The provision of control points along with ellipsoidal heights is an easy task because these can expeditiously be established with the help of GPS. But height control points, also known as Bench Marks (BMs), are invariably required with heights above Mean Sea Level (MSL) and, therefore, cannot be determined by GPS.
Especially in countries like India, that have not yet established their own geoid, the only method available to determine the heights above MSL, known as Orthometric heights, is by means of precision leveling that is cumbersome, slow, costly and prone to errors. Some countries like US and Canada have established their own precise geoid along with a correction surface and have made the facility available to public for conversion of GPS (ellipsoidal) heights to Orthometric heights. The correction surface is generated from a sufficiently dense network of GPS control points and height BMs established by precise leveling.
Geomatics Center Canada provides an online facility for direct transformation of NAD83 or ITRF ellipsoidal heights of any point in Canadian territory to CGVD28 Orthometric heights, (CSRS-A). The National Geodetic Survey (NOAA) of US have released the GEOID96 (recently upgraded to GEOID12A) hybrid Height Model for Conversion of GPS Heights to NAVD88 Orthometric elevations, (Milbert and Smith, 1996). Facilities are available online for interactive computation of Orthometric heights from GPS ellipsoidal heights, (NGS Geodetic Tool Kit). Because of these facilities, these countries are able to take full advantage of the recent developments and carry out large-scale photogrammetric mapping most economically in a much smaller time-frame as compared to others who don’t have such a facility.
India is one amongst such countries who have not yet established a precise geoid along with the required correction surface. As a result, though India has the capability of acquiring aerial imagery employing most-modern digital cameras equipped with GPS / IMU, the requirement of plan and height control points for photogrammetric surveys is the same as was obtaining during the analogue era. The net result is that photogrammetric mapping, even on scale as small as 1:10,000, is not viable due to its huge time and cost implications.

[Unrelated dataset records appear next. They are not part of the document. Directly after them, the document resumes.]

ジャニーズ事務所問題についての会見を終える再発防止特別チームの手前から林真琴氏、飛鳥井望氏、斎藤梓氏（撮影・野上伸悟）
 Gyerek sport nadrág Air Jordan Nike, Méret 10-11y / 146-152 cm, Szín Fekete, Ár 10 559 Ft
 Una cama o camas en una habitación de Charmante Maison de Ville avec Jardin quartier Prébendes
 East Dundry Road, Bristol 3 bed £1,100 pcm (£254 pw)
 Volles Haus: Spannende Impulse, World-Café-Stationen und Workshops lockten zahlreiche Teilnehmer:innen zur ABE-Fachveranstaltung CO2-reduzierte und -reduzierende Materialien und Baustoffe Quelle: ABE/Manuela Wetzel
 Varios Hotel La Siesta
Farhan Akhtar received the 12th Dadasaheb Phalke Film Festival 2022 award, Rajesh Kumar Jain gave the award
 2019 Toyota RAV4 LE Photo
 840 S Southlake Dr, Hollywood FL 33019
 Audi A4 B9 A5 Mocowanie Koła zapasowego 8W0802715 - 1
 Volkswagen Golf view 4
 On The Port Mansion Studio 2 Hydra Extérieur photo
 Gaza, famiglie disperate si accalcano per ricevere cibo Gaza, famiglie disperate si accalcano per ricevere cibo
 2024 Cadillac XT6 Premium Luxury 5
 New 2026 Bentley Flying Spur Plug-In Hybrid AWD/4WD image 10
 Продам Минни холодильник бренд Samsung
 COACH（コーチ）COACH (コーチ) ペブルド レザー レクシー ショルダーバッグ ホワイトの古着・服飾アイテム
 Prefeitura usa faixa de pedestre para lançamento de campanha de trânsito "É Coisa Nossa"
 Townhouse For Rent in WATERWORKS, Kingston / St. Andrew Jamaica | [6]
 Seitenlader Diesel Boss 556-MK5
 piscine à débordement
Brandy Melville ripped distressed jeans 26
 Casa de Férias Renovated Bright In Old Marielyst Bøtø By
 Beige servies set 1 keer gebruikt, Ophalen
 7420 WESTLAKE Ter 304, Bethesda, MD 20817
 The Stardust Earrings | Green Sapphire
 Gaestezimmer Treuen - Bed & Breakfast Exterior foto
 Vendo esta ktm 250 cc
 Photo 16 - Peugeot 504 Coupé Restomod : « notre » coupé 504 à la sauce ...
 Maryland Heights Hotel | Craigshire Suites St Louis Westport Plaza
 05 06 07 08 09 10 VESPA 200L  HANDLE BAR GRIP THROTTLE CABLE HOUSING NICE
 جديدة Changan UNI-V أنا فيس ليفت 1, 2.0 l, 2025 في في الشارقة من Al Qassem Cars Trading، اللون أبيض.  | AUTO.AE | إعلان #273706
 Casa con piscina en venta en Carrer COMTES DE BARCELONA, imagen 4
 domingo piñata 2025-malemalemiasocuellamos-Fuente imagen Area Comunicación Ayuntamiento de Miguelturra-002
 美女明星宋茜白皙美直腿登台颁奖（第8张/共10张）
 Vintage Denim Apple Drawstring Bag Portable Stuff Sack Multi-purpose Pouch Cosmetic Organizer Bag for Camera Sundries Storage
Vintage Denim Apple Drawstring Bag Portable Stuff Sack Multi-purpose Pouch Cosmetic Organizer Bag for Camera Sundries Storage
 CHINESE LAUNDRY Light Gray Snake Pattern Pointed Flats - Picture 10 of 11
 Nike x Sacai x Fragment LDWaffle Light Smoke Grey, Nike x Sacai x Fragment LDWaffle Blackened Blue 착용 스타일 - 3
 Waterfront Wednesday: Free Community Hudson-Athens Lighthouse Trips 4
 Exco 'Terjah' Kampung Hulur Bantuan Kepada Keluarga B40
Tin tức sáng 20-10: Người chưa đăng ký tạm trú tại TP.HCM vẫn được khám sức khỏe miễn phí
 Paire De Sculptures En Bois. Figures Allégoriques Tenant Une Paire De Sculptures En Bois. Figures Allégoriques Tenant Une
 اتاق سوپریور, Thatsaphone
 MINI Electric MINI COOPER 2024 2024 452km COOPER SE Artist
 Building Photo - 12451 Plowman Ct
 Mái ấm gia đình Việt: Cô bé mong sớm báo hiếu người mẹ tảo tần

An interim solution, especially for such countries, is proposed in this paper to make the large scale photogrammetric mapping viable that takes maximum possible advantage of the current advances in the field of geomatics.
The Proposed Solution
The flow chart for photogrammetric mapping as per the proposed methodology is given in Figure 1. We will now describe each step in detail in this section.
As can be seen from the flow chart, the proposed methodology with some modifications can also be employed without using the program GPSAssistLev, described in a separate section, in case the Digital Photogrammetric Workstation (DPW) software has the facility of creation of local MSL geoid with the help of a network of GCPs with known ellipsoidal and orthometric heights. Most of the modern DPWs do have this facility. The modified methodology is detailed in one of the following sections.
Provision of Ground Control Points (GCPs)
Provision of Primary GCPs
In the proposed solution, planimetric coordinates X, Y in UTM and height H (WGS84 Ellipsoidal height) of GCP’s are provided only at the corners of the photogrammetric block with the help of GPS. Such GCPs will be referred to as the Primary GCPs in this paper. The Primary GCPs will also include a few more GCPs to be provided in the photogrammetric block to serve as Check Points. No precision leveling of the Primary GCPs is required. However, all the Primary GCPs will need to be accurately transferred to the digital images. This does not pose much of a problem as the requirement of Primary GCPs is drastically reduced since this method makes full use of GPS/ IMU data.
Provision of Secondary GCPs
Uniformly distributed GCPs will be provided, 12 to 15 km apart, in the Area of Interest (AoI) by GPS with X, Y and H coordinates. These are referred to as Secondary GCPs in this paper. The Secondary GCPs will be connected to MSL height BMs by precision leveling to obtain their precise Orthometric Heights (h). Thus for each Secondary GCP, we will have both the Ellipsoidal Height (H) as a result of GPS survey and Orthometric Height (h) as a result of precision leveling.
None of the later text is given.